Your needs, choices, life decisions are all within your control. If you’re a young adult who purposely depends on your mom for your breakfast cereal or who consults her about the slightest of problems, you’re further digging yourself into a deeper hole.
You Won’t Reach Your Ceiling with Substantial Dependence
Growing up means being in control of your life. It’s not like in the good old days where your parents will fetch you whenever you get lost in the Manhattan Mall. It’s a vicious world out there that would demand every dose of talent and motivation you have.
Ever tried going out for 10 days all by yourself or with other people? There are tons of other opportunities out there waiting to be seized. Your parents will surely be proud upon seeing you expanding your horizons.
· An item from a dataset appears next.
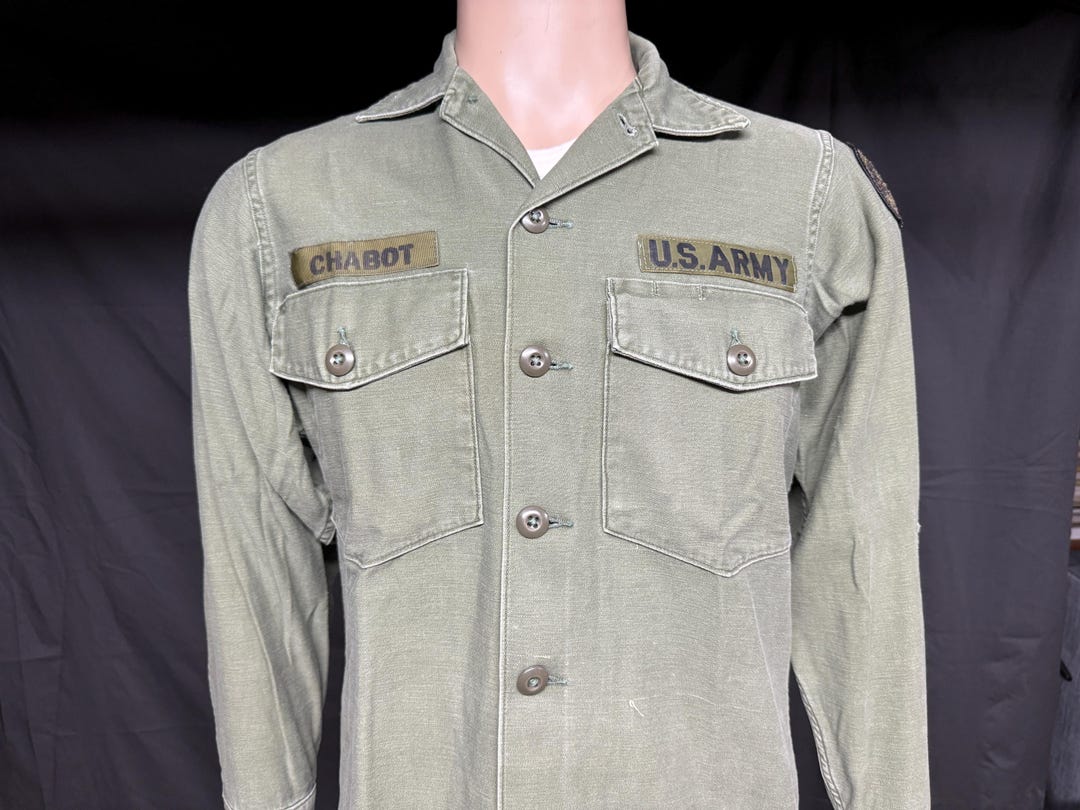 U.S. Army Field Utility Cotton Sateen OG-107 Long Sleeve Shirt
Independence Helps Build a Positive Self Image
Majority of us wouldn’t want our victories discounted or undermined because it was spoon-fed to us. Do you think heirs of multi-million dollar companies are completely satisfied when they’re alone in their high-end chairs?
Meanwhile, not asking for money or living separately from your parents boosts self-confidence. It shows that you trust yourself and the abilities you’ve acquired through the years to take you into greater heights. Being independent means not running to anyone to resolve petty matters.
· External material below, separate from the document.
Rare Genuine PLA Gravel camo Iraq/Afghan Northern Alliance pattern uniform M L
Your friends and colleagues will also applaud that you’re trying. It gives them an insight of what you can really bring in to the table as a distinct individual. Plus, you get stronger and more resilient as you reduce your dependence to your parents.
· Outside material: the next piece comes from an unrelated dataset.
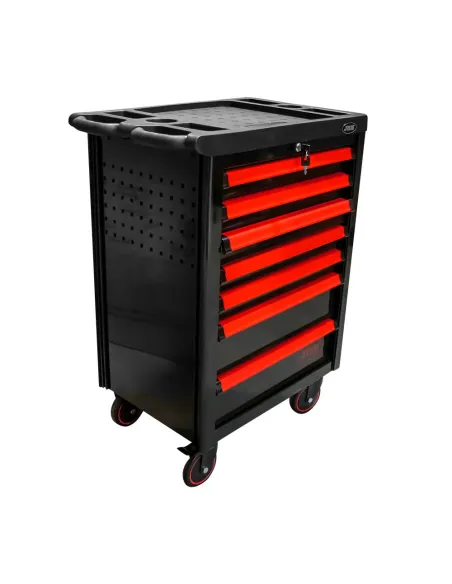 53952 Carro De Herramientas Especial Kit De Calado 7 Cajones Rojo JBM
It Relieves Burden on Your Parent’s Shoulders
As a responsible offspring, you need to make sure that your parents get the fitting retirement they deserve. Reducing dependence on your parents enables them to better enjoy the good things in life. These things could be: a second honeymoon without chaperon, travelling with less guilt, and saving more. When you become less dependent of them, it gives them pride and a sense of fulfilment.
It Betters Your Decision Making
I feel sorry for teenagers who were coerced by their parents to take a particular college program because it’s a family tradition or deemed to be a very lucrative job. They can love it after some time, but the ‘what ifs’ and ‘could’ve beens’ will always be their worst nightmares.
As early as now, stand up for your own. At the end of the day, who’ll be directly impacted by the decisions you made or were forced to make? You. You don’t need to always think of how would your parents react or consider your decision. Doing otherwise instills fear on your mind, restricting you from taking the big shots in life.
Your parents want nothing less than the best version you can be. However, they have lives of their own too. Eventually, you need to live a separate life outside their borders. I have nothing against folks who opt to stay in their parent’s house to caress them every day. But wouldn’t it be nice to visit them during the weekends to tell their grandsons or granddaughters how strong-willed you’ve become. That, of course, happens before you guys open and savour that Budweiser beer case.
Independence and happiness – that’s the Holy Grail of life. You may not be able to achieve all of it right now, but you can choose to start with baby steps.